How to maximise the impact of NPQs in your school

Jo Facer, Head of NIoT's NPQ faculty, reveals powerful ways for school leaders to maximise the impact of NPQ programmes in schools. She shares her practical tips on how to support teachers to successfully complete their qualification, and importantly translate what they have learned into tangible impact in their classroom.

Choosing to support a colleague to complete an NPQ programme is a big commitment for any school leader, but particularly so in times of ever tighter resource and staffing constraints. With the right support, though, you will see an enormous benefit to this commitment.

Here are a few ways you could support participants to have impact right away in your setting:

1) Release them

This is the tricky one – when cover is tight, it can be tempting to look to the requests and seize the opportunity for another warm body in the building. Resist the temptation! NPQ programmes with the NIoT require limited time away from the classroom, so allowing colleagues to attend when they need to is the first step to them having enhanced impact in school

2) Line management

Make sure line managers are aware of any colleagues on NPQs, and have built time into their regular catch-ups to check in on how it is going and share any relevant learning.

3) Identify action (and inaction)

As part of this conversation, line managers should be supporting colleagues to identify any key actions they could take as a result of their learning. This might be things they will approach differently, or new ways of doing something. It is important to note that sometimes a beneficial result of training is to also identify things to stop doing, or replace with a better way – doing more is not always the answer, particularly in the already packed school day

4) Share the learning

Ask colleagues to share their learning when they come back from a day or have a session. Not only does this ensure others can benefit from their learning, but this is also an opportunity to check and correct any misconceptions that might have arison and prevent colleagues “going rogue” and trying to implement proposals that might not work for your setting or your current priorities.

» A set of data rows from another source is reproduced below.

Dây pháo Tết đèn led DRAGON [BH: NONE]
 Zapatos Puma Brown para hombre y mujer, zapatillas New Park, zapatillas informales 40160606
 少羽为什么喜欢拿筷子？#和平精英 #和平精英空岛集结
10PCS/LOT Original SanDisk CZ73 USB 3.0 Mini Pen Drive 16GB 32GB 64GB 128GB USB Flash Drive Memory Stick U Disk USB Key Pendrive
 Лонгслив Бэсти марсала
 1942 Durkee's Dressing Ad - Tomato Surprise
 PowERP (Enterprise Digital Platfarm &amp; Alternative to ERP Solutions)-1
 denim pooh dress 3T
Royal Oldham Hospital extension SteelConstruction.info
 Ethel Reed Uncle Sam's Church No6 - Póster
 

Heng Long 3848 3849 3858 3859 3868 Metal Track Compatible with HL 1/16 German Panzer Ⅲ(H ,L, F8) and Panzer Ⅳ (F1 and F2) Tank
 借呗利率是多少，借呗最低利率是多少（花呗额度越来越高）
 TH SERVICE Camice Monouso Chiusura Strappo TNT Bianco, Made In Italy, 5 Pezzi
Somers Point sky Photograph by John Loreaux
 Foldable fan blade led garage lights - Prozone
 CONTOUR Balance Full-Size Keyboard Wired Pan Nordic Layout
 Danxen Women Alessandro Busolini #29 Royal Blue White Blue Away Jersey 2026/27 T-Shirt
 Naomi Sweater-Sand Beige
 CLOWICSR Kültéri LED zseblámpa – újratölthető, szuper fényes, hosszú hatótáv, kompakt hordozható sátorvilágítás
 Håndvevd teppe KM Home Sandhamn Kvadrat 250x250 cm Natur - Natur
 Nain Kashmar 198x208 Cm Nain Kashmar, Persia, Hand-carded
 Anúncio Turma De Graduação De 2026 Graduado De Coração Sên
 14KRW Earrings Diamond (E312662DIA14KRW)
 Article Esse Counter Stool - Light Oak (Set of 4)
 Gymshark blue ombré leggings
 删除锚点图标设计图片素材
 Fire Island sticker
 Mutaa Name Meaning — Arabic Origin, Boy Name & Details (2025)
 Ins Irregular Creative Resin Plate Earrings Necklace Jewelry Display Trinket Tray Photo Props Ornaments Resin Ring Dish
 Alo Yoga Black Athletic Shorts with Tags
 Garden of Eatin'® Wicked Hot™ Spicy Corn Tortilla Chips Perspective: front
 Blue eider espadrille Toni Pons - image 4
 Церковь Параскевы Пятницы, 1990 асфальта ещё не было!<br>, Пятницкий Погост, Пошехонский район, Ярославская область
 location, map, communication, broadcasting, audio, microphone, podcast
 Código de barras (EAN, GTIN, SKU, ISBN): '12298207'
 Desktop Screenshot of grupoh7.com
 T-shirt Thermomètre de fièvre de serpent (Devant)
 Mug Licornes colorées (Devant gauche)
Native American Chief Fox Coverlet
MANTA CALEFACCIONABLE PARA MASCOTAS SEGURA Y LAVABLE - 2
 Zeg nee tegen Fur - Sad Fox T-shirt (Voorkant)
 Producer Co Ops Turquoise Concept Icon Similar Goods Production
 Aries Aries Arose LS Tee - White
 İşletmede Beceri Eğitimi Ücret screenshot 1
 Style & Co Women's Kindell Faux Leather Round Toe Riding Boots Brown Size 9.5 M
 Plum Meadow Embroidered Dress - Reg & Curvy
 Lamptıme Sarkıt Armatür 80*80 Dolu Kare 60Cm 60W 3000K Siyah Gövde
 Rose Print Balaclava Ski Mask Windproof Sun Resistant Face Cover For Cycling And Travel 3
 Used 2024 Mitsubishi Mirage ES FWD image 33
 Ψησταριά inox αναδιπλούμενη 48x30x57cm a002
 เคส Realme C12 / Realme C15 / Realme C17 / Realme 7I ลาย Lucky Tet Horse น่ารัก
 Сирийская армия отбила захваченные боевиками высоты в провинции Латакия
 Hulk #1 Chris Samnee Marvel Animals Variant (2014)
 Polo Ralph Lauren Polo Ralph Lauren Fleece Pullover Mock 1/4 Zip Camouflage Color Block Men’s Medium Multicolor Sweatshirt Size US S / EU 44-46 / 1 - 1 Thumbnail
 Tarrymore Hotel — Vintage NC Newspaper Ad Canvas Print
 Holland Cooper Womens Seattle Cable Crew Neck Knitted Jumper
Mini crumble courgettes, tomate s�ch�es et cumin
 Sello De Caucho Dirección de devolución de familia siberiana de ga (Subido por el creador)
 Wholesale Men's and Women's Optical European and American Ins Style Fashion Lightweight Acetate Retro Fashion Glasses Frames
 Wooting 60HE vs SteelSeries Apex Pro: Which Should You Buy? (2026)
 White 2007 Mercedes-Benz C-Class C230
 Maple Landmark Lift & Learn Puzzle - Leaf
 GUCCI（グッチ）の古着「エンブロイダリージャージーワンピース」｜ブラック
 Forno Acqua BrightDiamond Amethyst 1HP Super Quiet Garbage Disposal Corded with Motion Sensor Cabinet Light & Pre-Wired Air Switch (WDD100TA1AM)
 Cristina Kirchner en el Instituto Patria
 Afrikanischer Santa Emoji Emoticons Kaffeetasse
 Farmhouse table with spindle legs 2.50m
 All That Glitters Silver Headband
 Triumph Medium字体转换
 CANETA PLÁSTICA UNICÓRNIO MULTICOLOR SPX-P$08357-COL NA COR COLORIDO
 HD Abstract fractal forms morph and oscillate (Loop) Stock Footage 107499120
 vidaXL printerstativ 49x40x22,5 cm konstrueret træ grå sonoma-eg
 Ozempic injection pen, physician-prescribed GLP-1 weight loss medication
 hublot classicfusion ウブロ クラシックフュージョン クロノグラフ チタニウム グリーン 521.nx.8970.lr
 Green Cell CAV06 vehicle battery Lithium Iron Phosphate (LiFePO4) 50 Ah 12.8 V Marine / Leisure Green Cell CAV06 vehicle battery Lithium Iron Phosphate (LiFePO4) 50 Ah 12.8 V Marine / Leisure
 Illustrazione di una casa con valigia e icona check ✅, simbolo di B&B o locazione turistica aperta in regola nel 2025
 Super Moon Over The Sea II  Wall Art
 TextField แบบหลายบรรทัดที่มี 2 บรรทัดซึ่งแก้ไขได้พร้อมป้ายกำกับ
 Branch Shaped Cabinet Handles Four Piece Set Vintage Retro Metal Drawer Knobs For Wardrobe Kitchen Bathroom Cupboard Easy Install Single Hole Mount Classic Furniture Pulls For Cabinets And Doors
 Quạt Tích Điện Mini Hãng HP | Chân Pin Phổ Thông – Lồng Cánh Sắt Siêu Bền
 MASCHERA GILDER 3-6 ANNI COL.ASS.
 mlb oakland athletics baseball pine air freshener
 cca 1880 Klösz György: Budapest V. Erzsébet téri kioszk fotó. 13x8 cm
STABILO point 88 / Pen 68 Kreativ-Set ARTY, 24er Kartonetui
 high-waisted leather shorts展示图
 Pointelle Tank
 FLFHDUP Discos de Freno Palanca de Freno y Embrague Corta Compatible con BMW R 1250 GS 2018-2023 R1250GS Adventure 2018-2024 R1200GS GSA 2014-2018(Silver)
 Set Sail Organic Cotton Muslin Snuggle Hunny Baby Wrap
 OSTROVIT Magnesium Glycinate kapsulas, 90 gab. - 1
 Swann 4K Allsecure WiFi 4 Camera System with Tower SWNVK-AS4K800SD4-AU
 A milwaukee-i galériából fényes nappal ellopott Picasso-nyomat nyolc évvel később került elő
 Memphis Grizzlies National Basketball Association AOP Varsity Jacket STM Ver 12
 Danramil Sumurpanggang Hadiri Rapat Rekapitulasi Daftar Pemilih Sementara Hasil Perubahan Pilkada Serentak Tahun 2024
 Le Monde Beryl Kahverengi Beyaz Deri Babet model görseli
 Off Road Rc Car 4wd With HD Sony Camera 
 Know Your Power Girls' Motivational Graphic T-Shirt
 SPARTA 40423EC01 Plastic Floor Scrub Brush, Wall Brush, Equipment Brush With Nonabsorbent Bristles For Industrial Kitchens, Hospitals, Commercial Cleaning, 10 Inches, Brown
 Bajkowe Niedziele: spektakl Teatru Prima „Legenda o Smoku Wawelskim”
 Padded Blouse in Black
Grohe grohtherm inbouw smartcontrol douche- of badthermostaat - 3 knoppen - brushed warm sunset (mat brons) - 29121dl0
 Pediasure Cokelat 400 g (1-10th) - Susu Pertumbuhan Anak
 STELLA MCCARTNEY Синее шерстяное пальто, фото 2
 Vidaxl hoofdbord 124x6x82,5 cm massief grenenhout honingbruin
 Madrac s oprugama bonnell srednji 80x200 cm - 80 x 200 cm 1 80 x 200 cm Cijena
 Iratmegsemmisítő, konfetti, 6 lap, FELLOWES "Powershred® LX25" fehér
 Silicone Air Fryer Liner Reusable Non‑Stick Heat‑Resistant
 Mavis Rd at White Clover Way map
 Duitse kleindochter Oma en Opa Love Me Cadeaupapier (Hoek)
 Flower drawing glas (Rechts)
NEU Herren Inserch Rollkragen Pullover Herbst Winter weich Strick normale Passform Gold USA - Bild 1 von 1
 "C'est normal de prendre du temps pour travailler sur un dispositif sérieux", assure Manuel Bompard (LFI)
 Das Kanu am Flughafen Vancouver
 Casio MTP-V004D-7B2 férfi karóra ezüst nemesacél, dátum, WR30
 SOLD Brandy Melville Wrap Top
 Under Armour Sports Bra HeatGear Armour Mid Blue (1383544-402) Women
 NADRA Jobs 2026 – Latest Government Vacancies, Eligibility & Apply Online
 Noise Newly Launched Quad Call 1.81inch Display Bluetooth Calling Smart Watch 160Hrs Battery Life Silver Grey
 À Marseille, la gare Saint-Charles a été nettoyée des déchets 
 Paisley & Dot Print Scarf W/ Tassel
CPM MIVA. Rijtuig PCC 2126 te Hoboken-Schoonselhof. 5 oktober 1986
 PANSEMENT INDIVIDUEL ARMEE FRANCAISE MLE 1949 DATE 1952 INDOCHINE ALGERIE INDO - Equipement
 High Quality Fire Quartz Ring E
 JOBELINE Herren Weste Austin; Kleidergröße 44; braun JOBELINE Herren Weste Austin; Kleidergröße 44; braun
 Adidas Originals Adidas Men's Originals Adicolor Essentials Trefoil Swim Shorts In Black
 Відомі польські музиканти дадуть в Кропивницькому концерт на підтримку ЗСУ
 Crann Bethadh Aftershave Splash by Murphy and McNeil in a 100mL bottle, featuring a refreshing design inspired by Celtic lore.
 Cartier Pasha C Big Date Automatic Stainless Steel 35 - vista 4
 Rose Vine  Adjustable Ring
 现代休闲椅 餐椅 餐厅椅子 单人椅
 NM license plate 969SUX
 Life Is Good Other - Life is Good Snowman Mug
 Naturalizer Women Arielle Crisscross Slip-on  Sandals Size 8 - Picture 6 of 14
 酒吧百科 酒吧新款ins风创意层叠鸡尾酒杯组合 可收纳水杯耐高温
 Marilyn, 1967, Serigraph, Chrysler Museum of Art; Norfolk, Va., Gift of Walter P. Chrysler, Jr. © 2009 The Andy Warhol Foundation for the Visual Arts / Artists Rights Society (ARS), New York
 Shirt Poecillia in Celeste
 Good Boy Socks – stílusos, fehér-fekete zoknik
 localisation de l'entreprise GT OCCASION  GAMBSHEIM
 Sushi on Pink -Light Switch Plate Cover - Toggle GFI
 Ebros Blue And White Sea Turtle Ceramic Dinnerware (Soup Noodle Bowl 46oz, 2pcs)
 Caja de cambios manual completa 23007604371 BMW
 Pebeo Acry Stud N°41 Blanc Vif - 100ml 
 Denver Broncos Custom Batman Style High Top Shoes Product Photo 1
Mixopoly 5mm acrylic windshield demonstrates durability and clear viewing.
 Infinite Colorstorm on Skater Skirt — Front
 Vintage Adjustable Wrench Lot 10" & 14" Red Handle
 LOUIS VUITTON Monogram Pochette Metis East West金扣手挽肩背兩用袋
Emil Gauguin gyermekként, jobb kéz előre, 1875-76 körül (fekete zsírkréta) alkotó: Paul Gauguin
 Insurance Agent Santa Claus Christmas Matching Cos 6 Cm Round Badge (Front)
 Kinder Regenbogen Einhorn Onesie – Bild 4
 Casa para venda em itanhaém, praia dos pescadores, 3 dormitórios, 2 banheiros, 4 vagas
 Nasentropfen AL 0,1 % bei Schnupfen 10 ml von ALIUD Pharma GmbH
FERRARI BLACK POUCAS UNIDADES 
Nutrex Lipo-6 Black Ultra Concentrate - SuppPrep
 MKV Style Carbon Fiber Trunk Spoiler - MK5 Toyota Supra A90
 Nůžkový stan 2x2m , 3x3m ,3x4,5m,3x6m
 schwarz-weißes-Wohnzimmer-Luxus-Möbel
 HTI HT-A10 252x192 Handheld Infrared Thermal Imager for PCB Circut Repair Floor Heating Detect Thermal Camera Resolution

Some school leaders reserve time on their SLT agenda for participants to share their key learning and implementation plans, which can be a great way to both hold people to account for having impact as a result of the time and resource that has been invested in their training, and also to ensure they are put in a position to be able to enact some of the things they think will have genuine benefit to pupils and colleagues in your school

5) Connect participants

If you have multiple members of staff completing programmes, ensure you provide structured opportunities for those individuals to meet and share their learning. Different NPQs share an evidence base and language, so putting these individuals together will help them to see opportunities for improving practices in school. Together, they have a good chance of ensuring their learning has impact and can take root through real in-school action.

6) Quantify the impact

Finally, through your regular conversations with participants, identify measures that will be used to gauge impact in your school. Allow participants to define any key metrics they might use to judge how successful their plans have been in school – it could be attendance data for a key year group, or perhaps they design a staff survey to track changing attitudes to professional development. This will support colleagues to be clear about what impact looks like, as well as to hold them to account for implementing improvements back at base.